On Jun 2, 2007, at 4:55 PM, William Beaty wrote:
On Sat, 2 Jun 2007, Kyle R. Mcallister wrote:
About to go on some travels, will get some incense while I am out,
preferably something that smells nice and not like a house of ill
repute. :)
Y'know, I think incense smoke might give misleading results. Here's a
weird phenomenon:
Snip Bill's ion filament stuff I've always found fascinating.
What happens if we place some high-freq deflection electrodes near the
path of the electric wind in a lifter? Perhaps if we can wiggle
the fast
ion trajectories rapidly back and forth, any filament-shaped flows
will be
disrupted, and the electric wind will become a slower, large-volume
flow.
Turn on the high-freq "turbulence" electrodes, and suddenly the thrust
increases? This is just one more idea I've never tried testing.

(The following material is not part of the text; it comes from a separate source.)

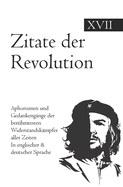 Zitate der Revolution: Aphorismen und Gedankengnge der berhmtesten Widerstandskmpfer aller Zeiten In englischer & deutscher Sprache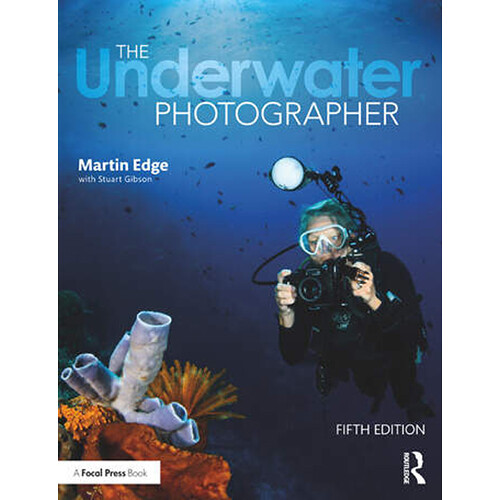 Focal Press The Underwater Photographer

It seems to me the ion stream momentum *eventually* has to be
converted into broad air momentum - provided the opposed electrode is
far enough away.
One thought - a ring electrode opposed to the pointed electrode might
be adjusted so as to send the ion beam through the ring, and thus
"defocusing" it on the other side. If too close I assume it would
just "short out" the ion stream, but maybe some specific proportions
would work.
Another thought - the binding of the stream may in part be magnetic.
An orthogonal or even oblique magnetic field might break up the
stream in any case, by inducing cycloid motions.